Bahasa Isyarat Perlu Dimasukkan dalam Kurikulum Pendidikan Indonesia

Laporan reporter Tribunnews.com Aisyah Nursyamsi

TRIBUNNEWS.COM, JAKARTA – Bahasa isyarat patut dimasukkan dalam kurikulum pendidikan Indonesia karena hingga saat ini belum ada kebijakan yang mendukung sepenuhnya keberadaan bahasa isyarat di Tanah Air.

Hal tersebut diungkapkan oleh salah satu pendiri FeminisThemis, Nissi Taruli Felicia, pada acara temu media dan peluncuran “FeministThemis Academy”: FeminisThemis dan Unilever.

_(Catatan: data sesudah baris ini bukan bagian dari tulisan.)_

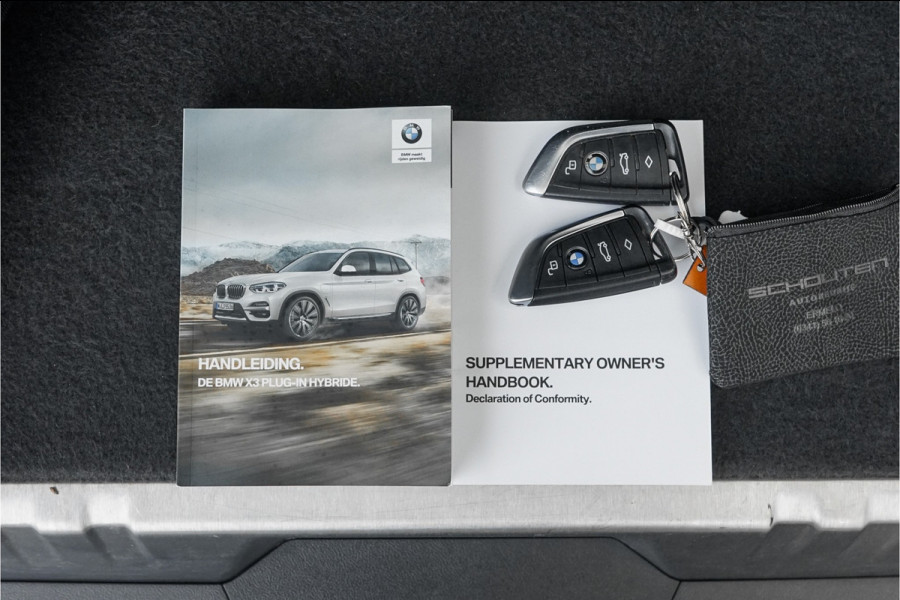 BMW X3 xDrive30e M-Sport Pano HUD CarPlay 20" BMW X3 xDrive30e M-Sport Pano HUD CarPlay 20"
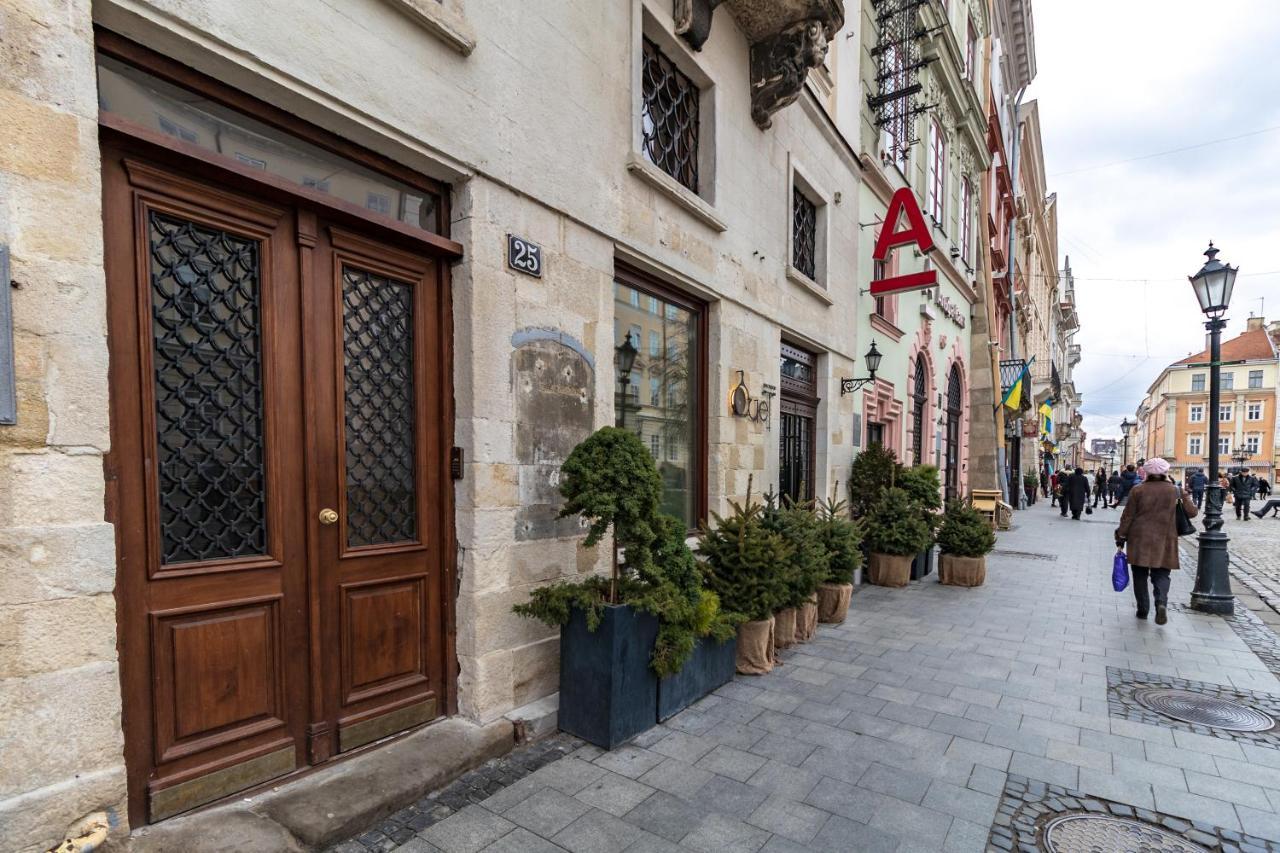 Grand Apartments On Rynok Square リヴィウ エクステリア 写真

“Kalau kita lihat, di Indonesia masih belum ada kebijakan, apalagi yang mendukung bahasa isyarat seratus persen.

“Karena saya sangat berharap bahasa isyarat bisa masuk dalam kurikulum atau pendidikan Indonesia,” ujarnya di Jakarta, Rabu (29 Mei 2024).

Menurutnya, tidak adanya bahasa isyarat dalam kurikulum membuat masyarakat pendengaran kaget atau bingung saat bertemu dengan teman tuna rungunya.

Ketidaktahuan juga tercipta karena tidak adanya bahasa isyarat dalam program pendidikan bahasa Indonesia.

Hal ini juga dapat menyebabkan ejekan atau intimidasi.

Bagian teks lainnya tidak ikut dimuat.